No API key is needed:
relayprobe run --mock clean --out artifacts/mock-clean
relayprobe run --mock tampered --out artifacts/mock-tampered
clean simulates a normal relay.
tampered simulates a modified relay and should produce multiple SUSPECT / 可疑 findings.
relayprobe detect-local --out artifacts/local-detect
This scans environment variables and common config files and reports:
- whether Codex looks like it uses official API, third-party API, or a local proxy
- whether Claude Code looks like it uses official API, third-party API, or local CCswitch/proxy
- whether a loopback API is reachable
- actual base URL and model name
- redacted API key/token presence, never raw secrets
Disable even localhost probing with:
relayprobe detect-local --no-probe-local --out artifacts/local-detect
Only use synthetic test targets. Do not use private prompts, customer data, production-only keys, or sensitive content:
$env:RELAYPROBE_API_KEY="sk-..."
relayprobe run --base-url "https://your-relay.example.com" --model "gpt-4o" --api-key-env RELAYPROBE_API_KEY --out artifacts/live-relay
relayprobe prints each test item with a plain status:
PASS / 通过: expected behavior was observedSUSPECT / 可疑: behavior suggests modification, downgrade, caching, filtering, or field inconsistencyFAIL / 失败: request or protocol failedINCONCLUSIVE / 证据不足: the signal is too weak to classifyINFO / 信息: useful metadata, not proof by itself
Reports are written under artifacts/ by default. The directory is ignored by git.

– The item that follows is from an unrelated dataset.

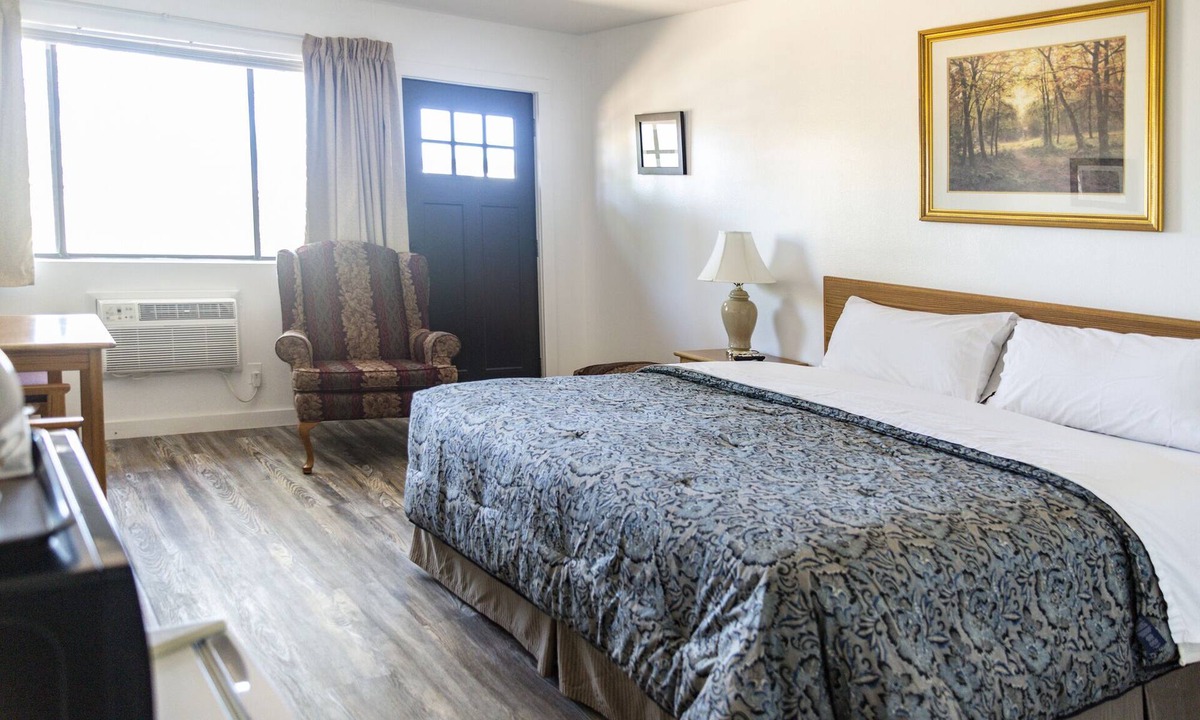 Delta Hotel | Charming boutique hotel, nestled on 20 acres alongside the picturesque Gunnison River! Whether you're here for fishing, wine tasting, or any adventure you have in mind, our hotel provides the perfect and inviting basecamp for your memorable stay.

relayprobe uses conservative result states:
- pass: expected observable behavior was present
- suspect: behavior suggests relay modification, downgrade, caching, filtering, or inconsistency
- fail: protocol or request failed in a way that invalidates the case
- inconclusive: the signal is too weak to classify
- info: useful evidence that does not prove a problem
Many public LLM gateway projects intentionally support model routing, fallback, caching, guardrails, header override, request transformation, and usage accounting. Those features are legitimate when disclosed, but they are also the exact mechanism by which a third-party relay can stop being a transparent forwarder.
relayprobe therefore tests gateway behavior directly instead of asking the model to self-identify.
relayprobe was shaped by public work from the LLM gateway, relay, observability, and security-proxy ecosystem. This project is independent and is not affiliated with those projects, but it intentionally credits them because their open work makes this kind of audit tooling easier to reason about.
See docs/credits.md for the bilingual acknowledgements and reference list, including projects such as @BerriAI/litellm, @Portkey-AI/gateway, @QuantumNous/new-api, @Calcium-Ion/new-api, @songquanpeng/one-api, @Forlives/relay-api-hub, @musistudio/claude-code-router, @farion1231/cc-switch, and others.
src/relayprobe/ CLI, transports, probes, analyzers, runner
tests/ standard-library unit tests
docs/ research notes, threat model, test plan
cases/ human-readable suite configuration
.github/workflows/ CI
See docs/local-detection.md for the local-only detection policy and supported config sources.
- Model identity requires a direct official baseline for strong evidence.
- Response integrity cannot be proven end-to-end unless the upstream provider signs responses or exposes independently verifiable request IDs.
- Some guardrail findings indicate legitimate security middleware, not necessarily malicious tampering.
- Live model behavior is probabilistic; repeated runs and direct baselines matter.